• What is being asked: Although the records contain pictures, print none of them; print exactly the lines from the one with "20 mangos de" through the last line.

• Task input:
• • •
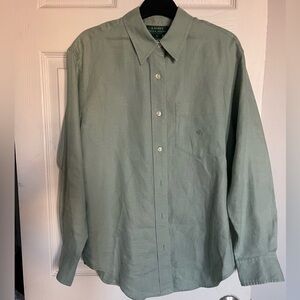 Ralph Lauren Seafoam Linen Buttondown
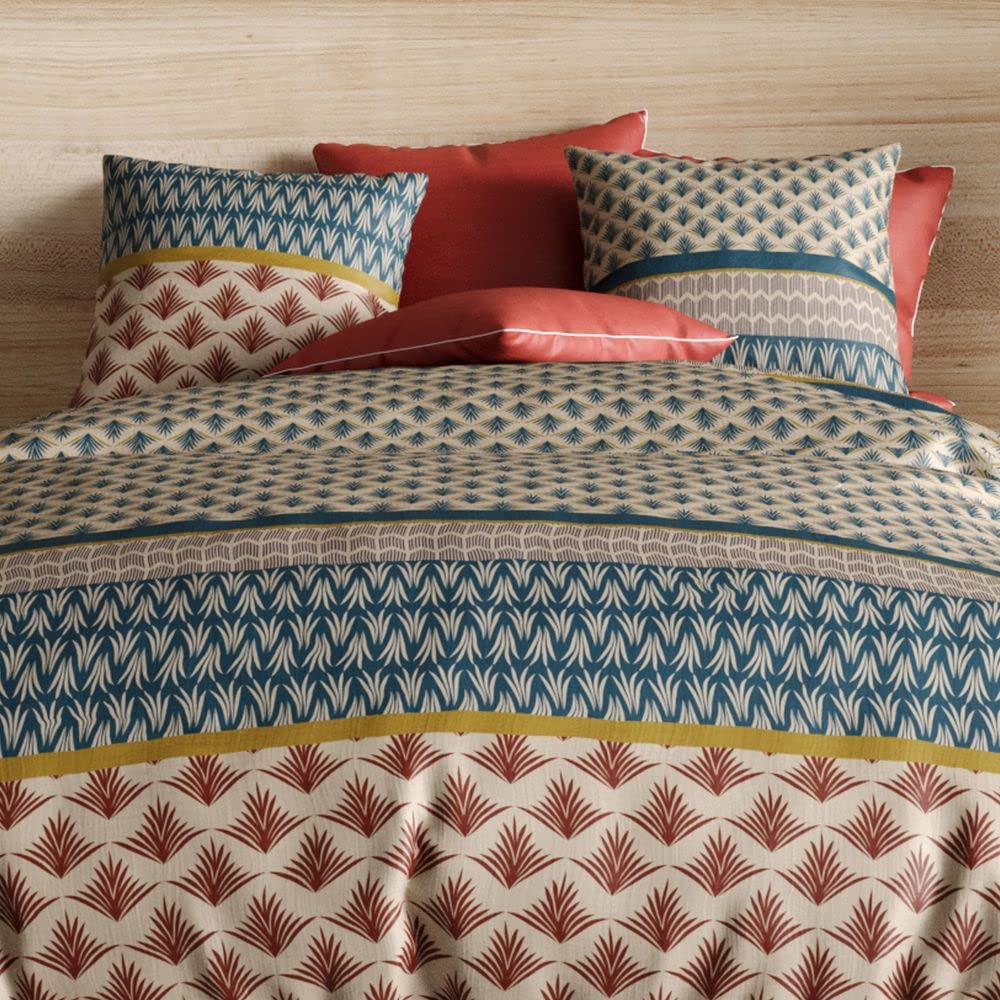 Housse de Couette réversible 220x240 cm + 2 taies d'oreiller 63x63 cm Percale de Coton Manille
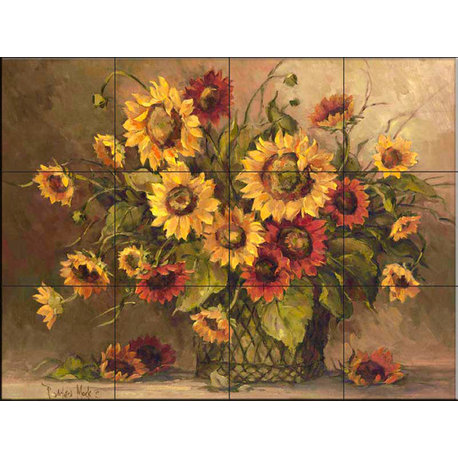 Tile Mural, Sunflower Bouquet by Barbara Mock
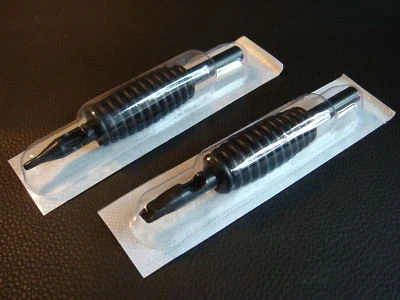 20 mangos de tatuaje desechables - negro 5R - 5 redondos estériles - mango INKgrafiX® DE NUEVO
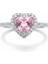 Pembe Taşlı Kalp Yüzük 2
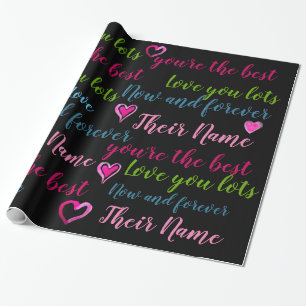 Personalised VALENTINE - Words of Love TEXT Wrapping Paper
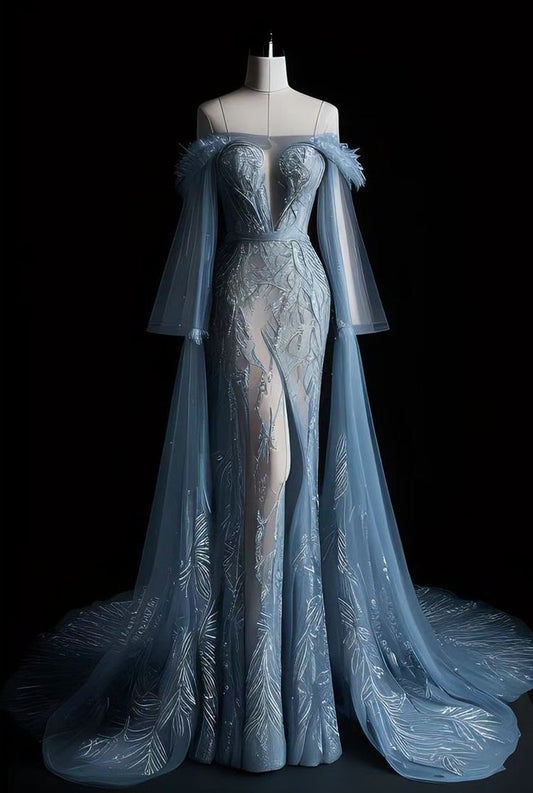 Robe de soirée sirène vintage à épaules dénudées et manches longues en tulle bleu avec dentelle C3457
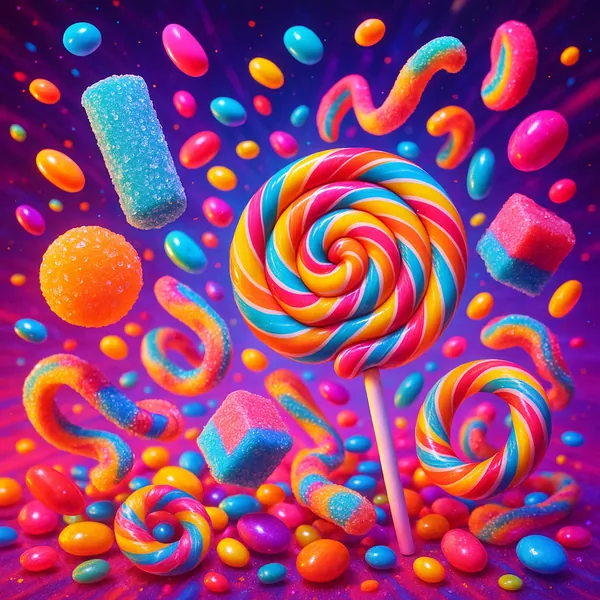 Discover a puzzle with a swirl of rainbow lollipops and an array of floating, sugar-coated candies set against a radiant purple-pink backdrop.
• • •
• Solution for this problem:
 20 mangos de tatuaje desechables - negro 5R - 5 redondos estériles - mango INKgrafiX® DE NUEVO
 Pembe Taşlı Kalp Yüzük 2
 Personalised VALENTINE - Words of Love TEXT Wrapping Paper
 Robe de soirée sirène vintage à épaules dénudées et manches longues en tulle bleu avec dentelle C3457
 Discover a puzzle with a swirl of rainbow lollipops and an array of floating, sugar-coated candies set against a radiant purple-pink backdrop.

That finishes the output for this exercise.